I was very interested this morning to read in Robert Genn’s newsletter his thoughts on the same topic I addressed yesterday – that of going back to an older piece and working again from the same idea, but with considered cogitation!
He writes: “While appreciating what you did right in the past, free your mind to reinvent and refine in areas previously not thought of.”
As well as the points I made yesterday about removing unnecessary detail, adding interest where it lacked it and needed it, making the colours richer, subtler and more varied and overall being looser…he also advocates looking at every aspect of the piece and seeing if you can push it in a slightly different direction. Instead of working more quickly, try to work more slowly…but with a great flourish. Definitely loosen up where things were too tight. Address the negative areas ( I really didn’t have any in my first piece, but tried to get the effect of some in the second) and check out the focal area and the track of vision – was it strong enough? or alternatively, was it too obvious? Was there some mystery? or if things were too vague, could they be clarified?

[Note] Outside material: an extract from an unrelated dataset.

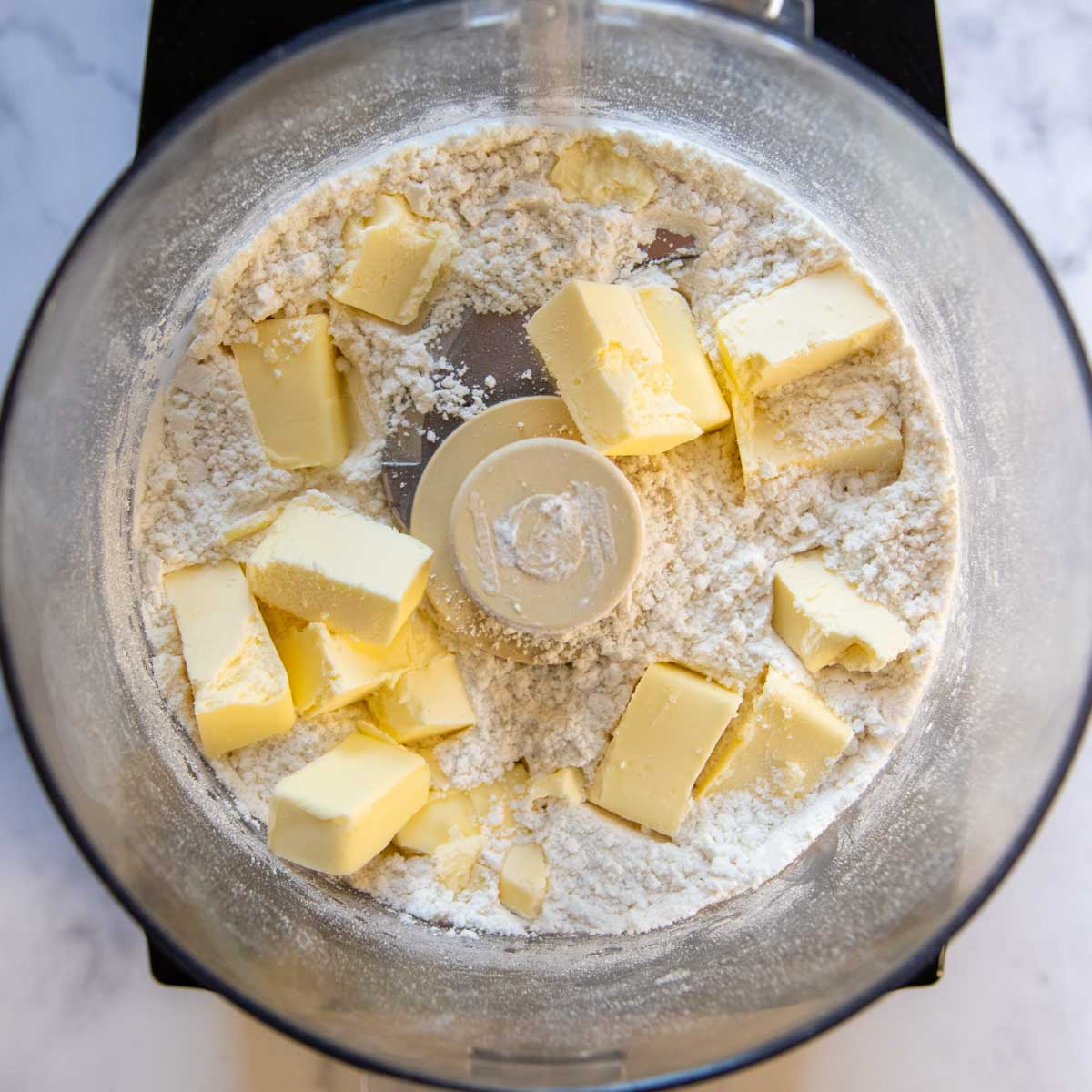 butter in the dry ingredients in a food processor.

Reworking a piece is a good time to take risks!
This could be the start of a series…
If you have been, thanks for reading! Elizabeth
PS I still havn’t figured out whether or not to include the chain on Chain Cross #2, I think I’m going to send the client pictures both ways and let him choose!
7 comments:
And here I've been thinking about gathering up a load of UFOs and making "gasp" a blanket!

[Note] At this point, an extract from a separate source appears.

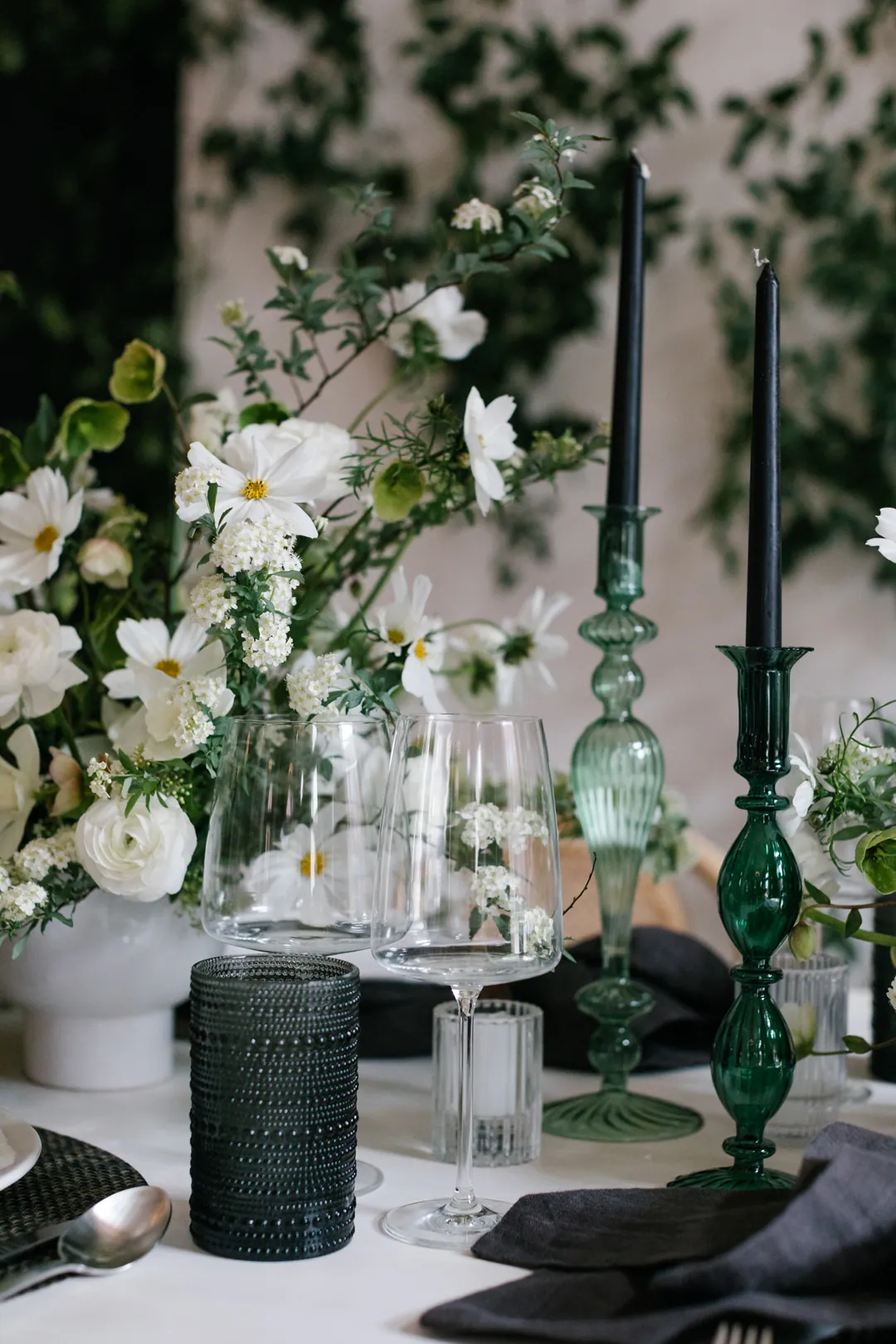 White flowers and dark green glassware on a dining table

a quilt by any other name....!!
Question: I understand the value of re-examining and re-working a piece. Hopefully I've learned something in this venture. But I am unclear if you are dismantling a quilt or making a new one on the same basic design, tweaking it here and there as you wish. So is it indeed the same physical piece with new things added or a new one? Thanks for the mental challenge you always present for looking at our own work.

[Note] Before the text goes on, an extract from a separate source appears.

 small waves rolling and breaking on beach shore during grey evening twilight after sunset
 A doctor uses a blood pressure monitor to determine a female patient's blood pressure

it's an entirely new piece, the first one now lives in California somewhere! This one is quite different. though several times I have remade a piece, usually by cropping it heavily, adding pigment and overlays.
There are quite a few pieces I made a while ago that I have been looking at with new eyes, thanks for the inspiration of perhaps trying it.
The Foundation Trialogy
thats what happens when a artist re-works on his work.
isac asimov's
The Foundation Trialogy
still the best fiction trialogy
apart from the J.R.R Tolkin's
The Lord Of The Rings.
---
he first written the scratch around 12 years before until a publisher asked him to write a fiction and he read the scratch again set to start on the basis and the outcome is you know right.
You wrote, "you have much more sense of what it is about the image that is important to you..." I thought I was the only one who was often mistaken about WHAT IT WAS that I liked about a certain scene or image! When will I learn? Thanks for helping me along the way.